After a person becomes dependent on painkillers and their script runs out, Vail, the Ingham County health officer, said they will often times turn to buying those same drugs off the street, despite a high markup rate. Once a person is buying drugs off the street, they quickly find a much cheaper, much more potent alternative: heroin.
“Expecting to be pain-free in situations you just can’t expect to be pain-free. Can you really expect to take opioids to expect to be pain-free in situations where pain-free just isn’t an option.”
“Buying Oxycontin on the street gets real expensive real fast,” Vail said. “So buying Oxycontin on the street gets really expensive compared to buying heroin on the street. Again that transition to heroin for a lot of different reasons, but a lot of what it has to do is with access to the prescription drugs after they are addicted.”

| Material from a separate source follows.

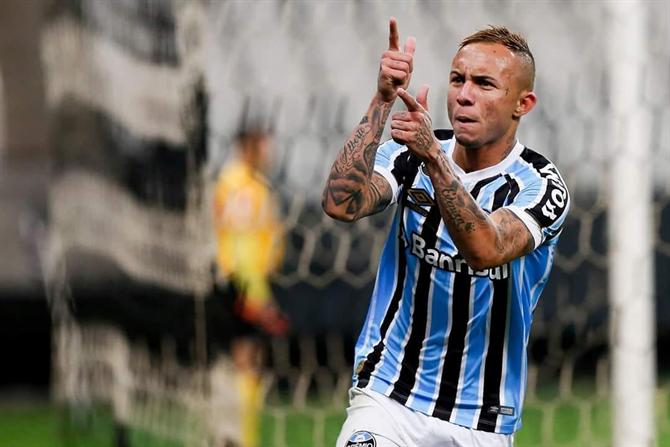 AC Milan foi ao Brasil negociar Everton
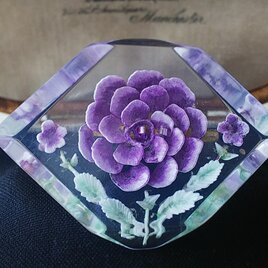 ヴィンテージ　とても美しいスミレ色のお花のルーサイト製ブローチ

The problem worsens when someone buys heroin that’s been laced with more potent and even cheaper drugs such as fentanyl and carfentanil, which can be hundreds of times stronger than heroin. A person shoots up with what they think is a regular dose for them, but is actually a lethal dose of another drug.

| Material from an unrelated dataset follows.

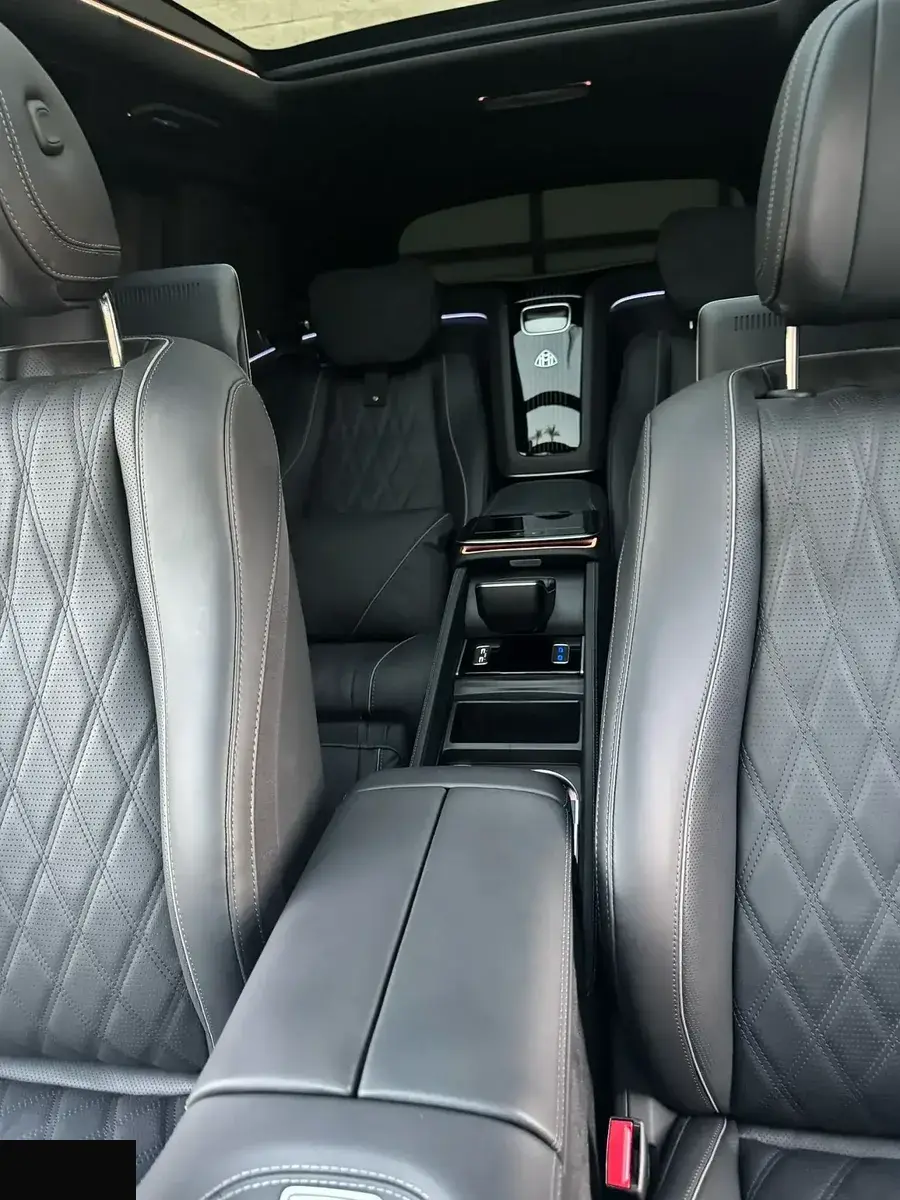 Corporate Transportation - Monarch Fleet Chicago Chicago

“When they come to our office and they’re actually arrested, we have to look at how we’re going to charge them,” Siemon said. “We have a lot of specialty courts and so we refer people to various sobriety or drug courts. We also look at the underlying charge. It might not be drugs, it might be retail fraud. They’re stealing stuff to support their habit. So how do we make referrals to the court. What kind of sentencing recommendations do we make to get them into treatment instead of locking them up?"
“Then, kind of on the other end, we look at the people who are chronically carrying guns, dealing people, destroying the neighborhoods, trashing houses, whatever. Those people, we want to support the police, support the community and get them off the streets through the criminal justice system.”
The crisis may be getting fully understood by officials who wish to curb it, Vail thinks. The number of heroin and opioid-related deaths has increased every year since 2003, but data Vail has suggested the trend could finally have a lower rate of fatalities, compared to 2016.
Vail said she thinks both doctors and patients are also understanding the dangers of prescription painkillers, and the doors they can open to addiction.
“Expecting to be pain-free in situations you just can’t expect to be pain-free,” Vail said. “Can you really expect to take opioids to expect to be pain-free in situations where pain-free just isn’t an option.”
Phil said since his time at FAN, he’s seen a dramatic change in rehab and detox facilities. The use of Medicated-Assisted Therapy to use milder opioids like Methadone to gradually decrease the tolerance to opioids and lessen the symptoms of withdrawal is becoming a standard practice.
Medical professionals are becoming more transparent and hands-on with after-care facilities and following up with patients, according to Phil.
Though the crisis is still a long time from being solved completely, Phil said things are much better than they were when Eric lost his battle to addiction. Maybe one day, there will be an end to the crisis.
“I tell addicts if they’re really serious about their recovery, sign release forms and don’t lie to the people who are trying to help you,” Phil said. “Neighbors don’t need to know what’s going on, but if you have people in your life that love you, they have to know what’s going on.”